_WHAT THE TASK REQUIRES_.
Give back the full listing exactly, setting the pictures aside.

_MATERIAL PROVIDED_.
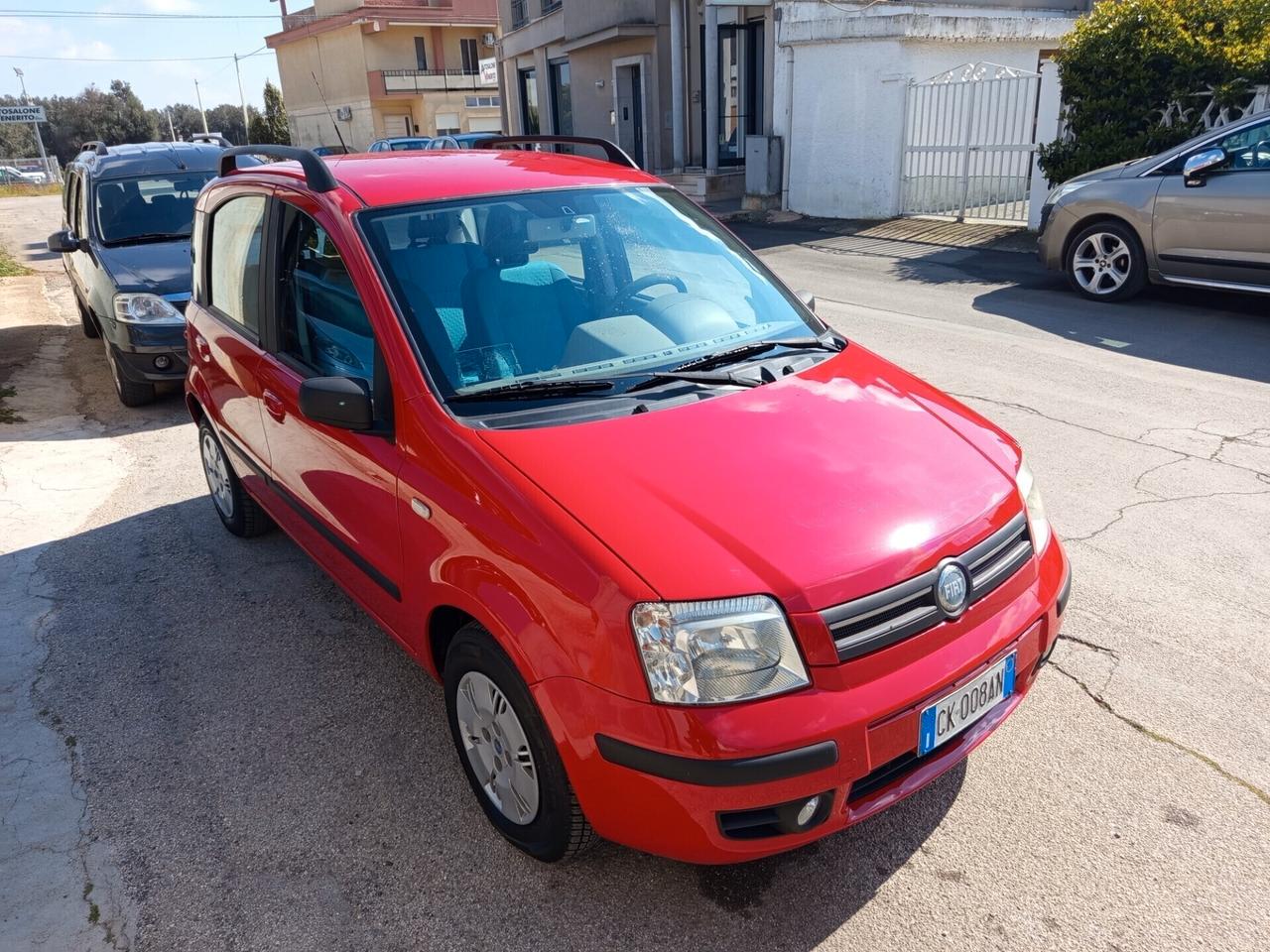 Fiat Panda 1.2 Dynamic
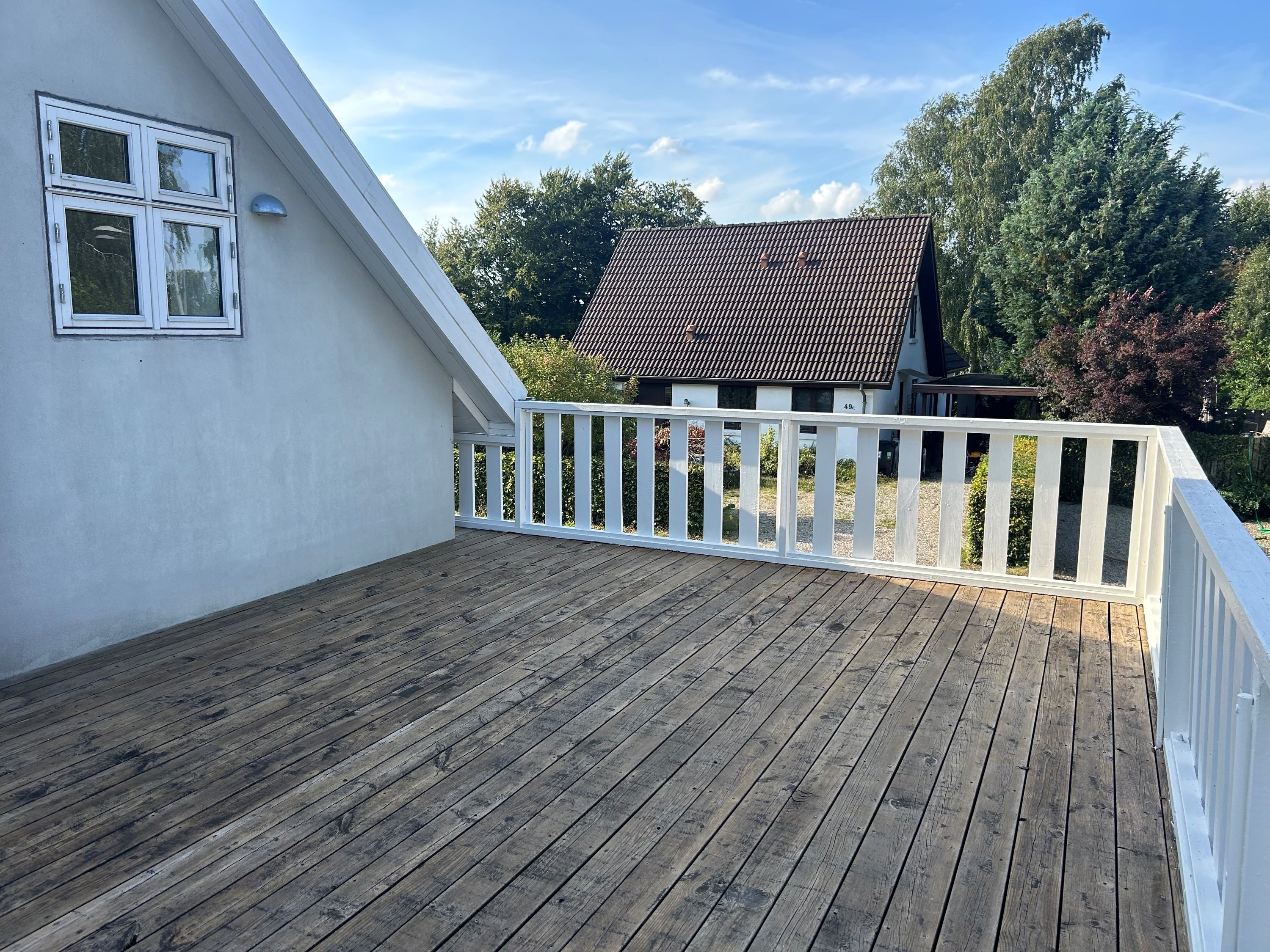 Fremhævet  billede i fuldskærmstilstand. Billede af Overvejen 26, Årslev, 5792 Årslev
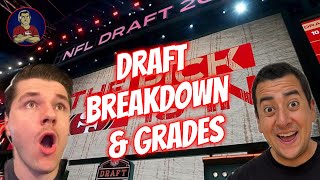 49ers Draft Steal? CJ West Breakdown & Full Day 3 Reaction | 2025 NFL Draft Recap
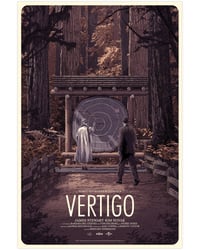 Image 1 of Vertigo Print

_RESPONSE TO THIS EXERCISE_.
 Fiat Panda 1.2 Dynamic
 Fremhævet  billede i fuldskærmstilstand. Billede af Overvejen 26, Årslev, 5792 Årslev
 49ers Draft Steal? CJ West Breakdown & Full Day 3 Reaction | 2025 NFL Draft Recap
 Image 1 of Vertigo Print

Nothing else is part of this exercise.